* [Directions for this task]
Copy out all of the data exactly as it appears.

* [Saved data entries]
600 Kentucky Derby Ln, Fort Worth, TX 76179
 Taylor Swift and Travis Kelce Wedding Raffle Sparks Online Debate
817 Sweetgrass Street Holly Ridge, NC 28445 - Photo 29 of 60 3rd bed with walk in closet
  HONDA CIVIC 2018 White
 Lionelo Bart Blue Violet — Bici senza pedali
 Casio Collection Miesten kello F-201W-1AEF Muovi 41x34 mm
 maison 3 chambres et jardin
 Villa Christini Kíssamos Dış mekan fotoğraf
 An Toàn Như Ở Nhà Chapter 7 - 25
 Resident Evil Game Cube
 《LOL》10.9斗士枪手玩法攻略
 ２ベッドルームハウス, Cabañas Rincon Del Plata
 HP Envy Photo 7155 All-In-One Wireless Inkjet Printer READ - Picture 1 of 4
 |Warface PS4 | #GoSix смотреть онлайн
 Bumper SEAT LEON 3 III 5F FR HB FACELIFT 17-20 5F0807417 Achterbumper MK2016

* [Solved problem]
600 Kentucky Derby Ln, Fort Worth, TX 76179
 Taylor Swift and Travis Kelce Wedding Raffle Sparks Online Debate
817 Sweetgrass Street Holly Ridge, NC 28445 - Photo 29 of 60 3rd bed with walk in closet
  HONDA CIVIC 2018 White
 Lionelo Bart Blue Violet — Bici senza pedali
 Casio Collection Miesten kello F-201W-1AEF Muovi 41x34 mm
 maison 3 chambres et jardin
 Villa Christini Kíssamos Dış mekan fotoğraf
 An Toàn Như Ở Nhà Chapter 7 - 25
 Resident Evil Game Cube
 《LOL》10.9斗士枪手玩法攻略
 ２ベッドルームハウス, Cabañas Rincon Del Plata
 HP Envy Photo 7155 All-In-One Wireless Inkjet Printer READ - Picture 1 of 4
 |Warface PS4 | #GoSix смотреть онлайн
 Bumper SEAT LEON 3 III 5F FR HB FACELIFT 17-20 5F0807417 Achterbumper MK2016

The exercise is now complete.